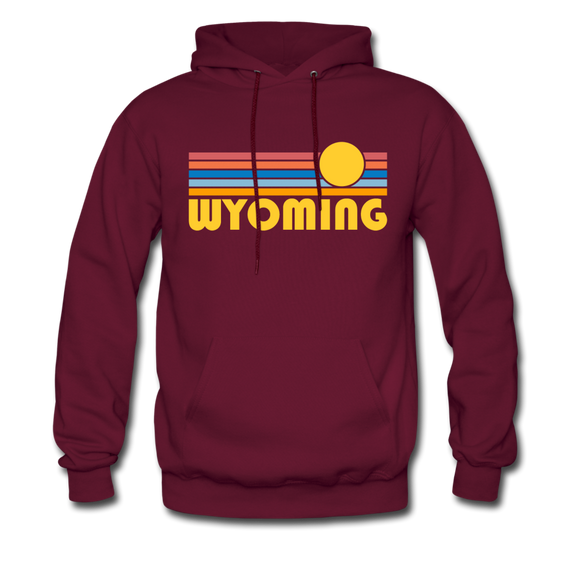 Wyoming Hoodie - Retro Sunrise Wyoming Crewneck Hooded Sweatshirt - burgundy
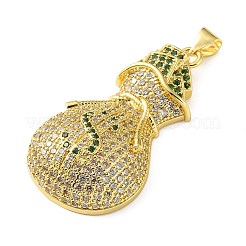 Pendentifs en laiton sertis de micro-pavés de zircones cubiques transparentes et vertes&nbsp;KK-H279-02G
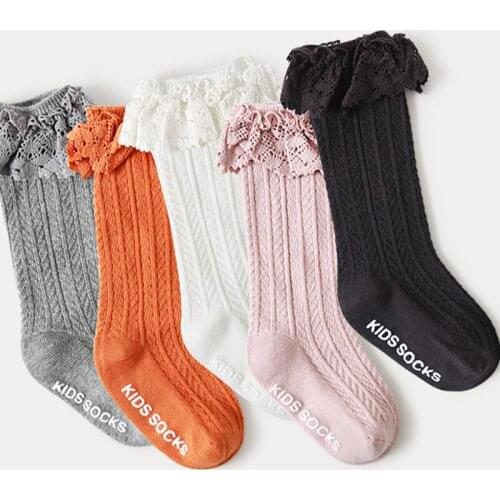 Princess Solid Color Lace Baby Sock Soft Cotton Newborn Girl Floor Ruffle Socks Autumn Sweet Anti Slip Long Kid Toddler Sock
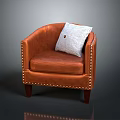 Elegant Brown Leather Armchair With Studded Trim Light Cushion And Wooden Legs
::::::::
■ **What to work on**: Exclude the pictures, and transcribe all of the material exactly.

■ **Expected answer**:
 Wyoming Hoodie - Retro Sunrise Wyoming Crewneck Hooded Sweatshirt - burgundy
 Pendentifs en laiton sertis de micro-pavés de zircones cubiques transparentes et vertes&nbsp;KK-H279-02G
 Princess Solid Color Lace Baby Sock Soft Cotton Newborn Girl Floor Ruffle Socks Autumn Sweet Anti Slip Long Kid Toddler Sock
 Elegant Brown Leather Armchair With Studded Trim Light Cushion And Wooden Legs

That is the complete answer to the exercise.